Lihat saja, para pelaku politikus tanah air. Ibarat pepatah, air hujan jatuh
tak jauh dari pelembahan. Namun bedanya, mereka membegal harta berjuta-juta
melampuai pembegal jalanan. Tak segan-segan mereka menjadikan jalur politik
untuk membegal uang rakyat. Itu pun mereka lakukan dengan cara yang cantik dan
elegan, yakni mamainkan cara lobi dan diplomasi yang berujung pada pembagian
harta begal secara jamaah.
Begal-membegal
sesama mereka menjadi tontonan menarik disela-sela drama sinetron Indonesia.
Para politisi membegal uang rakyat melalui permainan begal anggaran dan begal
proyek. Kelihatan sangat licin sekali dibanding begal jalanan. Namun hasilnya
bisa membiaya hidup keluarga tujuh keturunan. Selain itu begal demokrasi juga
mempunyai daya tawar yang kuat terhadap penegak hukum negara. Tak heran jika
kemudian, malah terjadi kerja sama untuk membegal negara.
Demokrasi
memang merupakan angin segar pada mulanya, tepat ketika agenda reformasi
dijalankan, rakyat indonesia serasa bisa hidup lega. Karena tak ada lagi yang
bakal mengekang mereka. Kebebasan pers, partai politik yang menjamur, tak ada
yang berhak melarang kritik dan saran bahkan difasilitasi. Tapi ibarat pisau
bermata dua, demokrasi juga dijadikan alat untuk mencaplok harta negara.

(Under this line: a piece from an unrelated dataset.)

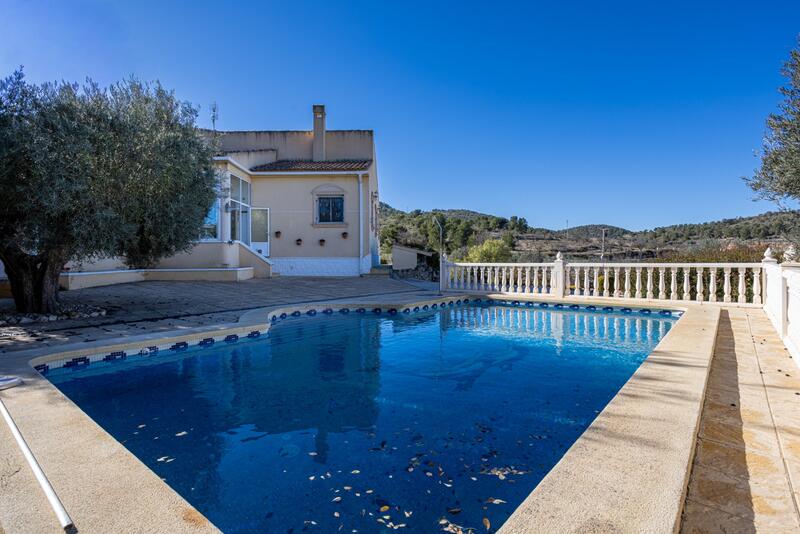 3 bedroom Country House for sale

Jika begal jalanan selalu dikejar-kejar masa
bila ketahuan, maka itu juga yang terjadi dengan begal demokrasi. Bedanya, jika
begal jalanan dikejar-kejar untuk dibunuh, maka begal demokasi dikejar untuk
diajak bernegosiasi, cela untuk mendapatkan uang sebelum kasus dibuka dan
diketuk palu. Jika dua belah pihak sudah betemu satu kesepahaman, maka begal
demokrasi pun luput dari kurungan. Bebas, mungkin mereka akan kembali mencari mangsa yang bisa dibegal lagi.